Heat Pumps

What are the general guidelines for return and supply air temps for heat pumps?


There are a lot of conditions that will vary when testing heat pumps. You will not obtain the 90 -100 degree temps that a furnace will give off. When testing HP’s, I usually get temps ranging around 75 - 80 degrees F. They are also garbage in single family homes in my area.

The only time I see HP’s (in my area) is in condo’s and town homes.

Thanks Dave,
I knew that the supply temps were lower, but was not sure exactly. And yes they are garbage. I hate them. Even in Atlanta area sometimes the temps get too low for a HP to work properly.
Thanks Again,

Try this brand instead. This is going in my new house.

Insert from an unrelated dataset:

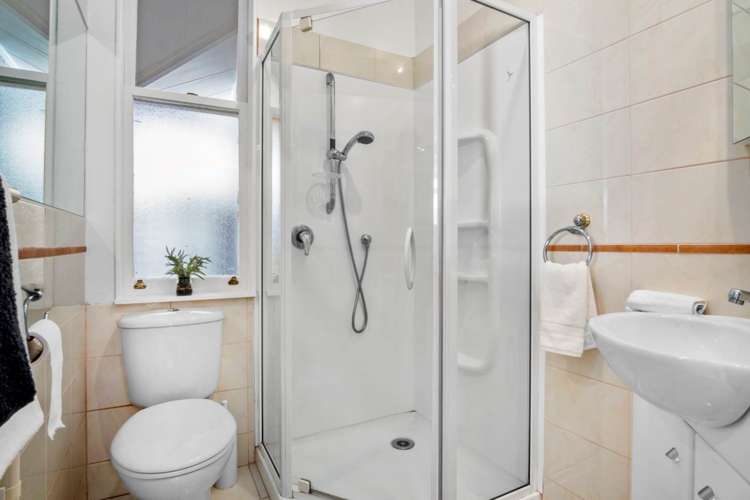 1/14 Bayview Road Hauraki_17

I had a dual fuel system installed in my home in October.

Heat pump is set to 30 degrees and when the temps fall below 30 the 93% gas furnace kicks on. I also have a 40,000 BTU fireplace blower that I use and I run the fan on the on position.

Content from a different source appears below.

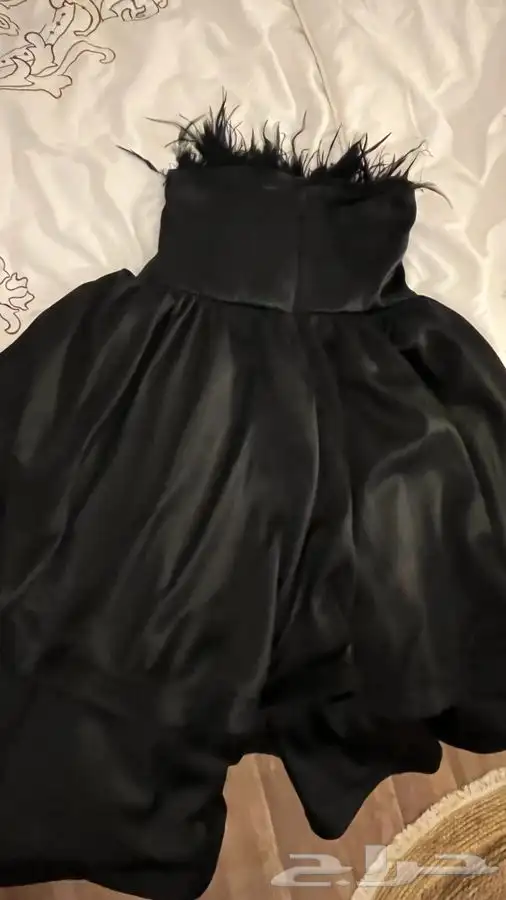 فستان فساتين جمسوت افرول جاكيتات جاكيت ملابس نسائيه 29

The only complaint I have is the heat pump is somewhat noisy during the defrost mode.

My electric bill was on $9 higher this past billing period. Still waiting on the gas bill as they did an estimate last month.

So I would agree the heat pumps are garbage if used in a colder climates and there is no backup system.

The Acadia looks like a nice system. I like there site and plan on reviewing.
Thanks for the link.

You have to realize that there are basically two types of heat pumps.

There are those that are less than SEER 13 which use R22 refrigerant.
These are the ones that have the bad reputation.

And there are those that are SEER 13 and up that use R410 refrigerant.
These are the ones that work very well, even down to below 30 if they are installed correctly. You will see up to 105 degree air out of these in some conditions with no backup heat activated.

Some units have a jumper selection inside called “quiet shift”.

This will quiet down the noise you get when it reverses for the defrost mode.

Thanks, I will see if that is available on my model heat pump.

Heat pumps are very ‘popular’ in my area and are vigorously promoted by the power company. (personally, I have gaws furnaces in my house) The temps I see in inspections depends on the outside air temperature at the time. Anything up to about 90 + is possible if the outside temp is warm enough. Without stating an exact range I look at heat performance (supply vs return) the same way I look at cooling performance in the summer.

There are none, because of the limitations of a Home Inspector’s certification you can not get the added information needed.
Supply/Return delta doesn’t work well in cooling and works less in heat.

My 16 yr old Heat Pump produces 117 degrees @17 OA (equipment modification).

The Arcadia unit is an interesting Heat Pump.

What makes it work?
Why do you save money with this unit?
Why can it work in Alaska?

Anyone know how this is?

They call it opti-cycle, it has two compressors.

When does their patent run out so the other guy’s can use it?

Nothing new to the refrigeration industry.

Why does a Heat Pump loose so much capacity when it gets cold?

Uhhhhh, not much heat to pump???


That answers part one of a three part answer! :wink:

Keep going Brian!

Higher compression

Well, I’m not exactly sure what you mean by that.

But in this regard, I’ll give you a hint.
When it gets colder outside the density of the refrigerant vapor reduces, and potential capacity declines. This results in lower compression ratios (but also lower power consumption).

But what will cause this? Besides less heat in the outdoor air?